Scientists learn more about ocean from schools of vehicles
Something 'fishy' about work of underwater gliders
By Steven Schultz
Princeton NJ -- In research inspired by the graceful coordination of fish schools, a team of Princeton engineers participated in a month-long robotics experiment this summer that involved launching fleets of autonomous underwater vehicles into the Pacific Ocean.
The researchers tested the vehicles' ability to move in formation through the water while mapping ocean currents and tracking marine microorganisms. The work, sponsored by the Office of Naval Research, could yield benefits for a wide range of fields from climate and ecological research to military surveillance.
The project, called the Autonomous Ocean Sampling Network, took place in California's Monterey Bay and was the largest and most complex effort ever to test an entire fleet of autonomous underwater vehicles, while collecting real data about conditions under the sea. As many as 15 underwater gliders, each about six feet long and weighing more than 100 pounds, made coordinated sweeps through Monterey Bay, with some heading more than 25 miles from shore and diving to depths of 3,000 feet.
The experiment was a multi-institutional collaboration involving a unique mix of biologists, ecologists, oceanographers and engineers. The Monterey Bay Aquarium Research Institute hosted and coordinated the experiment, which included 10 other universities and research institutions. The Princeton team, led by Professor of Mechanical and Aerospace Engineering Naomi Leonard, was responsible for programming the gliders to move in formation while making their own decisions about where to go to collect the best possible data.
"The gliders [were] out there foraging for information, looking for rich data that helps us understand ocean processes," said Leonard. The approach was inspired by the behavior of schools of fish, which could be seen as a coordinated network of sensors looking for the richest supplies of food, Leonard said.
For many of the research groups, the experiment culminated years worth of individual efforts and tested their ability to mesh into a working system.
"It's phenomenal," said Leonard after launching and monitoring one of the first groups of vehicles. "I am so impressed by what these gliders can do. They just stay out there like workhorses and run autonomously."
The experiment was the first to attempt a system of immediate feedback in which the vehicles reported data to oceanographers and biologists, who used the information to make on-the-spot refinements to computer programs that simulate conditions under the sea. Those scientists then predicted how the ocean currents were likely to evolve and relayed their predictions to the robotics and control experts, who adjusted the routes and programmed behavior of the vehicles.
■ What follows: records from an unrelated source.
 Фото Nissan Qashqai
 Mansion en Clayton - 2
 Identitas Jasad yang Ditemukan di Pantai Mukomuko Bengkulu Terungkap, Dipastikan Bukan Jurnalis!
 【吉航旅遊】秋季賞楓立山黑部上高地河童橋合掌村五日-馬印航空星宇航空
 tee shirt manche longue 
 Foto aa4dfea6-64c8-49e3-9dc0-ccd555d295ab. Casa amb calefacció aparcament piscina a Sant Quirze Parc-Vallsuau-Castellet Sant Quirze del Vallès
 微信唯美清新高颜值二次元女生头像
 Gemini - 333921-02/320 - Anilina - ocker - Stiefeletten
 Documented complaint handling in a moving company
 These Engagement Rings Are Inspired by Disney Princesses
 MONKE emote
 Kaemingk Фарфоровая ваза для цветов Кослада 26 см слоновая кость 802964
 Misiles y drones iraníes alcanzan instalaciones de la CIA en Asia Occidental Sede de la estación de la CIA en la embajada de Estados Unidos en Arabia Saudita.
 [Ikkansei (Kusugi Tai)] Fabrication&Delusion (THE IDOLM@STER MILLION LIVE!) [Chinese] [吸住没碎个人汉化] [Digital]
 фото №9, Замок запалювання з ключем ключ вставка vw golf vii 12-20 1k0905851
The vehicles, in turn, tracked gradients of temperature, salinity or other features to find areas of interest and reported back increasingly targeted data.
"There are so many dynamics in the ocean that we do not understand, and the dynamics of the vehicles themselves are not even certain," said Leonard. "So the feedback is there to provide robustness; it's a way to manage uncertainty."
This network of autonomous sensors represented a major step forward in researching the dynamics of the sea, said Jim Bellingham, director of engineering at the Monterey Bay Aquarium Research Institute and the leader of the project. "If you don't use these underwater vehicles, you are really very limited in what you can learn about the interior of the ocean," he said.
The best current techniques involve taking readings from stationary moorings or dragging instruments behind ships, but these often fail to zero in on the transitory shifts in currents and temperature that drive much of the ocean's ecology. "We're seldom in the right place at the right time," Bellingham said.
Leonard said, "It's amazing that we now have these sensors out there that are so smart and so capable, and they are providing an enormous amount of data."
The main phenomenon of interest in Monterey Bay is a plume of cold, nutrient-rich deep-sea water that rises toward the surface across the mouth of the bay. These upwelling events cause the plankton to "bloom," which supports the rich fisheries and other wildlife in the area.
The underwater vehicles are engineering innovations on their own. They are essentially gliders because they have no propellers, thrusters or any kind of external propulsion system. Instead, they are equipped with pumps that take in or eject water, which makes the gliders sink or rise. As they go down and up, the vehicles glide forward aided by fixed wings. They steer with a rudder or, in some cases, simply by shifting their batteries from one side to the other, which makes the glider bank.
This streamlined design requires a minimum of battery power and allows the vehicles to remain at sea for weeks at a time. The gliders surface every few hours to relay data, accept new instructions and check their locations using the satellite global positioning system. While underwater, they coordinate their locations with the help of an onboard compass and a device that measures their altitude from the ocean floor.
The researchers already have begun planning a follow-up experiment for 2005. Additional participating research groups included: the California Institute of Technology, California Polytechnic State University, Harvard University, the NASA Jet Propulsion Laboratory, the U.S. Naval Research Laboratory, the Naval Postgraduate School, the Scripps Institution of Oceanography, the University of California-Santa Barbara, the University of California-Santa Cruz and the Woods Hole Oceanographic Institution.